Oppenheimer, un des théoriciens les plus autorisés de l'école du conflit montre en effet que le point essentiel de la doctrine c'est la négation de toute possibilité d'expliquer l'Etat par la stratification sociale qui se produirait à l'intérieur d'un groupe unique d'individus « libres et égaux ». Pour lui, il faut des vainqueurs et des vaincus, l'Etat étant alors la constitution sociale ayant pour but d'assurer la domination des gouvernants contre les révoltes de l'intérieur et les attaques du dehors163(*).

Donc, après toutes ces précisions, la conception du conflit peut reposer sur une trilogie.
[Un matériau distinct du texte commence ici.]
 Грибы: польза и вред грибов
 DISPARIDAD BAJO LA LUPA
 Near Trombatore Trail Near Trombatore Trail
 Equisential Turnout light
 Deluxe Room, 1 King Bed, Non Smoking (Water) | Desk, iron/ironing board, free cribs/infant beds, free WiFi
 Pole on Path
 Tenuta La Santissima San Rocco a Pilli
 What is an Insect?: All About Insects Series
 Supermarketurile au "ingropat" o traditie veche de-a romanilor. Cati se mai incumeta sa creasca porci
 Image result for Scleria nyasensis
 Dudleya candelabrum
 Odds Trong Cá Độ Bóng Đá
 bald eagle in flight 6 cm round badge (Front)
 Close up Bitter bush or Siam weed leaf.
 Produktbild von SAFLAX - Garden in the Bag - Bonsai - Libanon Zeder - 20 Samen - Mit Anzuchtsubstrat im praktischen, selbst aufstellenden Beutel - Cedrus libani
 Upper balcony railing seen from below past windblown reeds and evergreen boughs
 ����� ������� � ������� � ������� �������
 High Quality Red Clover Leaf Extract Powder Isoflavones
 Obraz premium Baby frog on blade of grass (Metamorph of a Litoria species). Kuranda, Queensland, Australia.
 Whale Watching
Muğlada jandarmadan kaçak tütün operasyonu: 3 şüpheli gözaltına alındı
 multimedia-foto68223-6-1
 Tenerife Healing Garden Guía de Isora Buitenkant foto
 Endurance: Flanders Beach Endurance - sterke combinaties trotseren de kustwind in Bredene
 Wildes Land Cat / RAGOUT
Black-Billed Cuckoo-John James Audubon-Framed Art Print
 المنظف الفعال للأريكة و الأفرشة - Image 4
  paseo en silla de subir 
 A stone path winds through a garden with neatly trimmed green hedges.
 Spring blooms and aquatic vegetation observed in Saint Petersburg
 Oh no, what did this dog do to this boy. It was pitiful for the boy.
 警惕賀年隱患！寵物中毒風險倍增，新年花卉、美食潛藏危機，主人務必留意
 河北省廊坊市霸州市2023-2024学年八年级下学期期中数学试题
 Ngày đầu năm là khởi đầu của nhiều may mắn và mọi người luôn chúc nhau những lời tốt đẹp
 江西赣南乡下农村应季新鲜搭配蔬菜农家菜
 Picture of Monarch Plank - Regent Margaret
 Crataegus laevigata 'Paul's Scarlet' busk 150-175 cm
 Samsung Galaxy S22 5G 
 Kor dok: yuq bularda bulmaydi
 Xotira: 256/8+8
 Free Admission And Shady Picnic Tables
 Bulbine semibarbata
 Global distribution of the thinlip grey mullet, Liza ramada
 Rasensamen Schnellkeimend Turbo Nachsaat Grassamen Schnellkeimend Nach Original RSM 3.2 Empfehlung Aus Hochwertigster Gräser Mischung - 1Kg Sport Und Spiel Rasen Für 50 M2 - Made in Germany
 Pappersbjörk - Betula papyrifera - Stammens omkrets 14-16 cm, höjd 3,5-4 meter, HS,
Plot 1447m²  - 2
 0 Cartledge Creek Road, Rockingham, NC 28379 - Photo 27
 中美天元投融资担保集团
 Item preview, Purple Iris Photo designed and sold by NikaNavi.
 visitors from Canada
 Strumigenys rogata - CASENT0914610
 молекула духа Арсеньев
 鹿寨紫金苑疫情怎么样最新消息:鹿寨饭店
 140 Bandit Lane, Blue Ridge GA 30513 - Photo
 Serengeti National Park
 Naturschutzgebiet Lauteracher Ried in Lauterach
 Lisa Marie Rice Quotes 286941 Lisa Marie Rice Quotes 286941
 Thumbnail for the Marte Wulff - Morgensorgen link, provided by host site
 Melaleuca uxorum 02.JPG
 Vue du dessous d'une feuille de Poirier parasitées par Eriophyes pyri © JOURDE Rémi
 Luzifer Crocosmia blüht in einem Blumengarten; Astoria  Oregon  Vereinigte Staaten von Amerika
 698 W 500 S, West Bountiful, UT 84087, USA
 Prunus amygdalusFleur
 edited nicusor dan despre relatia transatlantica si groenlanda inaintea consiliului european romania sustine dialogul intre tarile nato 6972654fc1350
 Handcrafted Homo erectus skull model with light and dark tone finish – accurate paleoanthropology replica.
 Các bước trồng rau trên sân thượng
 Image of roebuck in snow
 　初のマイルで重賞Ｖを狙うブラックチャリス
D'abord tout Etat est un Etat de classe, ensuite l'origine de l'Etat, résultant de la différenciation de fait entre deux groupes d'individus, ne saurait être expliqué juridiquement ; enfin c'est l'organisme étatique qui par l'établissement d'une hiérarchie, crée l'unité sociale du groupe vivant dans les limites territoriales de l'Etat, la communauté ne précède pas l'Etat.

* 150 Burdeau, G., po.cit., p. 8.

* 151 Mpongo, E., op.cit., p. 66.

* 152 Burdeau,G., op.cit., p. 8.

* 153 Idem. Burdeau, cité parmi les plus remarquables : Gierke, Die Grundbergriff des Staatsrechts, Zeitsehr, Fiir die Gesammte Reichtswissenchaft, T. XXX, p. 170; N.M. Korkounov, Cours de théorie générale du droit, trad. Larnaude, 1903, p. 356 ; Orlando, (V.E.), Précis de droit public et constitutionnel, Trad. Franç., 1902, p.p. 29-33 ; Jellinek, l'Etat moderne et son droit, Trad. Franç. T. I, 1911, p. 218; Michaud(L.), la personnalité morale, 2è éd., T. I, p.p. 289 et suiv. ; Esmein, Eléments de droit constitutionnel, 7è éd., 1921, T. I, p. 2, Erich, (R.), la naissance et la reconnaissance des Etats, Académie de droit international, recueil des cours, T.13, 1926, III, p. 442 ; Dabin, (J.), philosophie de l'ordre juridique positif, 1929, p. 187, note1, doctrine générale de l'Etat, trad. Franç., 1877, p.p. 229 et suiv. ; Bluntshili, théorie générale de l'Etat, 1877, p.p. 229 et suiv.

* 154 Ibidem,

* 155 Mpongo, E., op.cit., p. 65.

* 156 Ntumba Luaba, op.cit, p. 27.

* 157 cité par Burdeau, (G.), op.cit., p. 10.

* 158 Idem.

* 159 Mpongo, E., op.cit., p. 68.

* 160 Idem

* 161 Novicow, Les luttes entre sociétés humaines, 1893, p. 82, cité par Burdeau, G., p. 11.

* 162 Oppenheimer, (R.), l'Etat ses origines, son évolution et son avenir, trad. Franç., 1913, p.p. 11-58, 118, cité par Burdeau, (G.), Idem.

* 163 Oppenheimer, (R.), l'Etat ses origines, son évolution et son avenir, trad. Franç., 1913, p.p. 11-58, 118, cité par Burdeau, (G.), Idem.